I agree with Rodney Woo Themes are nice I also recommend you take a look at Theme Forest they have some amazing stuff. All the good TF themes aren't free though but they are well worth the $20-$60.

Here is a nice e-commerce theme from TF: Express Store Premium E-Commerce WordPress Theme Preview - ThemeForest

Here's another nice one from TF you can access all the different skins for this one and it has some really cool interactive functions. http://www.yourinspirationweb.com/tf/?theme=sommerce

Here are all the TF e-commerce style themes just sort them by rank to see the best first ecommerce - files | ThemeForest

Here is a minimalistic FREE theme I like that could get you started but you would have to custom style the pages to match what you want. WordPress › Cleanr « Free WordPress Themes

Hope this helps you out and if you have any other question feel free to ask.
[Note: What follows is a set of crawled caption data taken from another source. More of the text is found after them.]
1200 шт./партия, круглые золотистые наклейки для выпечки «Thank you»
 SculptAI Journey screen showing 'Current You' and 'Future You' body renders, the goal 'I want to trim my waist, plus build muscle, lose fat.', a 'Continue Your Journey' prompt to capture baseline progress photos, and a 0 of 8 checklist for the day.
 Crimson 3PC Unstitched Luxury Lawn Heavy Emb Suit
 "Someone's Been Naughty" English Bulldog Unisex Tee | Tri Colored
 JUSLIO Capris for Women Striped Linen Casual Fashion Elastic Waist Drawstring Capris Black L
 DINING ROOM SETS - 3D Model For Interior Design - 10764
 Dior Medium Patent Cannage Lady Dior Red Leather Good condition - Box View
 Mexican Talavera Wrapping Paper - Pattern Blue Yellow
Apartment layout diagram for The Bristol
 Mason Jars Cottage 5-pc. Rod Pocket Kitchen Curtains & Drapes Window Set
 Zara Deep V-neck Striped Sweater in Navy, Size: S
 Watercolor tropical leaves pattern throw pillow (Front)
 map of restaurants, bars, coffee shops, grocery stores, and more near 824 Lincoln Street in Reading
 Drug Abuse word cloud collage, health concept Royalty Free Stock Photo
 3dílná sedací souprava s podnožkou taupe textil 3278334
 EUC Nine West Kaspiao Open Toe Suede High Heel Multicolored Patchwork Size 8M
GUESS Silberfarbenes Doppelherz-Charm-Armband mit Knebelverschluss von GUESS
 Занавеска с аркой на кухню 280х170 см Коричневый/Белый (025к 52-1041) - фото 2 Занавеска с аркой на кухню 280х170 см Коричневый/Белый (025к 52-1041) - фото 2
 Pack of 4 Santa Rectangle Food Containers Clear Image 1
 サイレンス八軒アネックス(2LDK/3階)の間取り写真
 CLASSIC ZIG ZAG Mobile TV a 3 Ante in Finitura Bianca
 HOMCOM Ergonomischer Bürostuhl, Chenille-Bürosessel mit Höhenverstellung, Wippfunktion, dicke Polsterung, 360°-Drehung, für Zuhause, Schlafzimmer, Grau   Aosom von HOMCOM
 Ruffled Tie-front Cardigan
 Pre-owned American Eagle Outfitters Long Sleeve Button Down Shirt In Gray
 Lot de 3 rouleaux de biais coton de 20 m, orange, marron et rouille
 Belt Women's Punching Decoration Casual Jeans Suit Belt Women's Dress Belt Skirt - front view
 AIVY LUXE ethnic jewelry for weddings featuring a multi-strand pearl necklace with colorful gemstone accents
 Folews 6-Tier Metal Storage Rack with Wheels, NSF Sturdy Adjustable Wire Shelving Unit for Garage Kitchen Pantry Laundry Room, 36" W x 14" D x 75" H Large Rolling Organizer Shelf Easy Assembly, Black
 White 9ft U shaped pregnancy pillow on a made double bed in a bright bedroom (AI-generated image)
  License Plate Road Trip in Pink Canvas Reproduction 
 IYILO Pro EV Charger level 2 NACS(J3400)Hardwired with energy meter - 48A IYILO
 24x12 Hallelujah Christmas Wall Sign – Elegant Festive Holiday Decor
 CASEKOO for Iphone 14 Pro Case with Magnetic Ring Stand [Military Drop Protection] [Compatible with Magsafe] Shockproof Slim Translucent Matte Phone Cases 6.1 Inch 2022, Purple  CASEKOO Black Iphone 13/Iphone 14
Best of luck with the biz and website...


----------



## TaosEdge

Thanks for this. I've been kind of heading down this path but have been concerned about how much I'd need to "customize". Looking for a WP pro locally to help me. The themes look good though!


----------



## DigitalSuicide

i dont think SnorgTees.com is a wordpress looks a lot like an oscommerce backend


----------



## NovaDisc

TaosEdge said:


> Thanks for this. I've been kind of heading down this path but have been concerned about how much I'd need to "customize". Looking for a WP pro locally to help me. The themes look good though!


Nice site. Good choice, there.


----------



## patrioticflags

Are there any themes that can be used with 1shopping cart?

Most I can find are designed to be integrated with other programs like OSCommerce


----------



## printingray

I think this is customized or custom made. I suggest you to make a custom template rather than using an old one.


----------



## tapiocatundra

Has anyone found a theme that allows the customer to decide the color of the t-shirt while this change appears on the screen? Kinda like this: Better Call Saul! | Bang-On.com

I've been searching but I haven't been lucky so far.


----------